Q: As a creative person where do ideas come from? Some say there is no such thing as a unique idea and we reinterpret the same ones on different levels.
A: I'm a big fan of Austin Kleon's 'Steal Like An Artist' manifesto. We're in an age of visual excess, so appropriation of ideas is unavoidable. Even if you think you're being original, someone's probably done it before. So it's what you do with it that counts, being brilliant is the new unique. My ideas come from every direction; from pop culture, art history, dreams, contradictions, people watching, social media, travel, staring at the sky, everyday life, and the absurdity of modern politics.
Q: BMX Bandits (1983) was filmed in Australia so it was not too far from you as a kid in New Zealand. Did it have an impact on you and your friends at all?
A: I was a bit young, and lived a bit too far from any movie theatres, to know about BMX Bandits when it first came out. I actually never saw it until recently, it's hilarious! Steel Riders (NZ TV series), went to air in New Zealand in 1987 the same year I got my first BMX, and I remember going nuts over that show. It was awesome.
Q: What is it like to make album covers as part of your living? What is the process of coming up with an image that encapsulates the music within?
A: It has to be one of the coolest job ever. I get to play with cool toys, let my imagination run wild, draw cool stuff, make cool stuff, and get paid for it. There are deadlines and occasional stresses, but the fun factor makes it worth it. Most of the bands and labels I design for let me have free rein after I meet with them and hear the music. The only things I really need are a copy of the record (even just mixes), and a list of their favourite album covers of all time, so I can get inside their aesthetic.
Q: To you, is there a best BMX bike ever out there?
A: 1986 Healing Freestyler. It was a Kiwi bike and my first BMX. Together we survived some epic farm tracks, equally as epic wipe outs, some mean tricks and annoyed the hell out of my parents by constantly carving up the driveway in the process creating a skid long enough for a Guinness World Record.
Q: With your band, Medollic, are you happy to go the digital self publishing route as opposed to dealing with a label? The perfect setup would be self publishing with the marketing budget if a label.
A: For a band the perfect set up is always to have a bigger budget! But we're extremely fortunate that James North (our guitarist/bassist/keyboardist) is a producer and runs an impressive recording studio, so studio time is free which is a big head start. We dig the creative control we have being self published, and the direct relationship with our fans. With our first album we turned down two offers from labels in the USA due to sneaky contractual clauses about ownership and exclusivity, so at this point we're happy heading into recording our sophomore release with the reins still firmly in our hands.
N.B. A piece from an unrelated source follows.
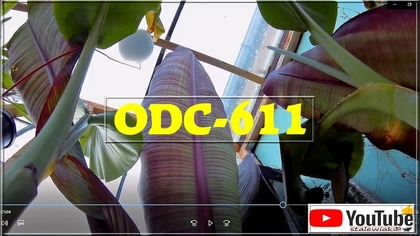 Odc-611-Odrosty musa basjoo, wielkie liście ensete ventricosum maurelii. Egzotycznie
Q: What BMX related projects are you working on right now?
A: Building a pimped out '86 Healing Freestyler! I let my original one go in a moment of teenage stupidity in the early 90s, but recently managed to track down frame and forks from an awesome dude in Wellington, NZ. This is going to be an epic re-build project, upping the factory spec on pretty much everything. There seems to be only a handful of these frames that survived so I'm stoked to have got my hands on one.
Q: Where do you find parts to build an old school bike?
A: My favourite way to source rare and weird old school parts is by networking with other old school BMXers on OZBMX.com.au (always go local if possible!), and other BMX communities around the world. But when that fails there's an awesome little store Stateside called rinienterprises.com, it might not look like much, but there's some rad gear hiding away in dark corners, heaps of which even arrives in original 80s packaging.
Q: It must be difficult to survive as an artist? Maybe as difficult for a Stockbroker to write lyrics to a song though?
A: Haha, I've got my fingers in enough creative pies to get by ok. After all, the 1% still thinks it's cool to buy art… maybe it constitutes giving to the poor? ;)
Q: Why do you think it is that so many good BMX riders come from Australia and New Zealand right now?
A: We're awesome, aren't we?! Super proud of Sarah Walker, what a star. Both countries are mad about their sport and there's a strong outdoors focus in the Australian and New Zealand lifestyles. New Zealand's international accolades in sport, per capita, are mad. I had the privilege of being in the NZ Youth Yachting team as a teenager and I can say that the training, coaching, nutritional and psychological support provided to us, just as 15-17year olds in the 90s was above and beyond.
Q: What technique do you use to get that level of realism in your paintings?
A: I'm pretty non-traditional with my technique, as oil painters go. We were taught at art school to use thin layers (glazes) to build up form and light with oil paint, waiting for each to dry before applying the next. But I kinda threw that out the window early on in favour of a process with more instant gratification. I'm probably pretty hilarious to watch when I paint, I use my fingers and handfuls of rags, along with brushes, and get so lost in what I'm doing that I always end up with paint in my hair, up my arms and all over my face. Occupational hazards!